Urteil vom 3. September 2014  
 
II. sozialrechtliche Abteilung  
 
Besetzung 
Bundesrichter Kernen, Präsident, 
Bundesrichter Meyer, Parrino, 
Gerichtsschreiber Fessler. 
 
Verfahrensbeteiligte 
A.________, vertreten durch 
Fürsprecher Gerhard Lanz, 
Beschwerdeführerin, 
 
gegen  
 
IV-Stelle Bern, Scheibenstrasse 70, 3014 Bern,  
Beschwerdegegnerin. 
 
Gegenstand 
Invalidenversicherung (Invalidenrente; Rückerstattung), 
 
Beschwerde gegen den Entscheid des Verwaltungsgerichts des Kantons Bern vom 6. Februar 2014. 
 
 
Sachverhalt:  
 
A.   
 
A.a. Mit Verfügung vom 23. September 1999 sprach die IV-Stelle Bern A.________ eine halbe Invalidenrente ab 1. Januar 1996 zu. Die Ausgleichskasse des Kantons Bern richtete ab diesem Zeitpunkt Leistungen aus. Mit Entscheid vom 9. Januar 2001 hob das Verwaltungsgericht des Kantons Bern die Verfügung vom 23. September 1999 auf und verneinte den Anspruch auf eine Invalidenrente. Mit Urteil I 116/01 vom 27. November 2001 hob das Eidg. Versicherungsgericht dieses Erkenntnis und die Verfügung auf und wies die Sache an die IV-Stelle zurück, damit sie die Versicherte begutachten lasse und anschliessend über den Rentenanspruch neu verfüge.  
 
A.b. Gestützt auf ein interdisziplinäres Gutachten vom 24. Februar 2004 verneinte die IV-Stelle mit Verfügung vom 7. April 2004 und Einspracheentscheid vom 23. Januar 2006 den Anspruch von A.________ auf eine Invalidenrente. Mit Entscheid vom 18. April 2007 hob das Verwaltungsgericht des Kantons Bern diesen Verwaltungsakt auf und wies die Akten zum weiteren Vorgehen im Sinne der Erwägungen (d.h. Durchführung weiterer Abklärungen) an die IV-Stelle zurück.  
 
A.c. Nach erneuter Begutachtung (Expertisen vom 19. Februar 2010 und 29. März 2012) verneinte die IV-Stelle mit Verfügung vom 25. Juli 2012 einen Rentenanspruch, was vom Verwaltungsgericht des Kantons Bern mit Entscheid vom 22. Januar 2013 und letztinstanzlich vom Bundesgericht mit Urteil 9C_161/2013 vom 29. Oktober 2013 bestätigt wurde.  
 
B.   
Mit Verfügung vom 23. Mai 2013 forderte die IV-Stelle von A.________ die im Zeitraum vom 1. März 2007 bis 31. März 2012 ausgerichteten Leistungen in der Höhe von Fr. 116'316.- zurück. In teilweiser Gutheissung der dagegen erhobenen Beschwerde setzte das Verwaltungsgericht des Kantons Bern, Sozialversicherungsrechtliche Abteilung, mit Entscheid vom 6. Februar 2014 den rückzuerstattenden Betrag auf Fr. 85'461.- herab. 
 
C.   
Mit Beschwerde in öffentlich-rechtlichen Angelegenheiten beantragt A.________, der Entscheid vom 6. Februar 2014 sei aufzuheben. 
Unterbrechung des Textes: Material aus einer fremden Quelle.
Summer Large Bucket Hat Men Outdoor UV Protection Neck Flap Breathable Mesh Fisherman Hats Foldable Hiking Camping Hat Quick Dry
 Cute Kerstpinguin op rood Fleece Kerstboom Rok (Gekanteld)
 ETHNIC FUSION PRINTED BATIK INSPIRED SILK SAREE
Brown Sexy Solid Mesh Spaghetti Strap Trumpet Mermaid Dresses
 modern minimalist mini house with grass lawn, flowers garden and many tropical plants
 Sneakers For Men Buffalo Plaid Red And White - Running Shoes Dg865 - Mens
Die IV-Stelle ersucht um Abweisung der Beschwerde. Das Bundesamt für Sozialversicherungen hat sich nicht vernehmen lassen. 
 
 
Erwägungen:  
 
1.   
Streitgegenstand bildet die Rückerstattung der im Zeitraum von Juni 2008 bis März 2012 unbestritten unrechtmässig bezogenen Rentenleistungen der Invalidenversicherung in der Höhe von Fr. 85'461.-nach Art. 25 Abs. 1 Satz 1 ATSG (i. V. m. Art. 1 Abs. 1 IVG und Art. 2 ATSG; Art. 107 Abs. 1 BGG). Dabei stellt sich aufgrund der Vorbringen in der Beschwerde einzig die Frage, ob die zurückgeforderten Leistungen rechtzeitig mit Verfügung vom 23. Mai 2013 geltend gemacht wurden. 
 
2.   
Gemäss Art. 25 ATSG sind unrechtmässig bezogene Leistungen zurückzuerstatten (Abs. 1 Satz 1). Der Rückforderungsanspruch erlischt mit dem Ablauf eines Jahres, nachdem die Versicherungseinrichtung davon Kenntnis erhalten hat, spätestens aber mit dem Ablauf von fünf Jahren nach der Entrichtung der einzelnen Leistung (Abs. 2 Satz 1). 
 
2.1. Nach der Rechtsprechung ist für den Beginn der relativen einjährigen Verwirkungsfrist (BGE 133 V 579 E. 4.1 S. 582) nicht das erstmalige unrichtige Handeln und die daran anknüpfende unrechtmässige Leistungsausrichtung massgebend. Abzustellen ist auf jenen Tag, an dem der Versicherungsträger später bei der ihm gebotenen und zumutbaren Aufmerksamkeit den Fehler hätte erkennen müssen ("Wahrnehmung der Unrichtigkeit der Leistungsausrichtung aufgrund eines zusätzlichen Indizes"; BGE 122 V 270 E. 5b/aa S. 276 oben) und dass die Voraussetzungen für eine Rückerstattung gegeben sind. Dies ist der Fall, wenn alle im konkreten Einzelfall erheblichen Umstände zugänglich sind, aus deren Kenntnis sich der Rückforderungsanspruch dem Grundsatz nach und in seinem Ausmass gegenüber einer bestimmten rückerstattungspflichtigen Person ergibt (Urteil 9C_493/2012 vom 25. September 2012 E. 4 mit Hinweisen).  
 
2.2. Verfügt der Versicherungsträger oder das Durchführungsorgan (Art. 27 und 34 ATSG) über genügende Hinweise auf einen möglichen Rückforderungsanspruch, sind die Unterlagen aber noch unvollständig, hat sie die noch erforderlichen Abklärungen innert angemessener Zeit vorzunehmen. Bei Säumnis ist der Beginn der Verwirkungsfrist auf den Zeitpunkt festzusetzen, in welchem die Verwaltung mit zumutbarem Einsatz ihre unvollständige Kenntnis so zu ergänzen im Stande gewesen wäre, dass der Rückforderungsanspruch hätte geltend gemacht werden können (Urteil 9C_999/2009 vom 7. Juni 2010 E. 3.2.2 mit Hinweisen, in: SVR 2011 EL Nr. 7 S. 21).  
 
3.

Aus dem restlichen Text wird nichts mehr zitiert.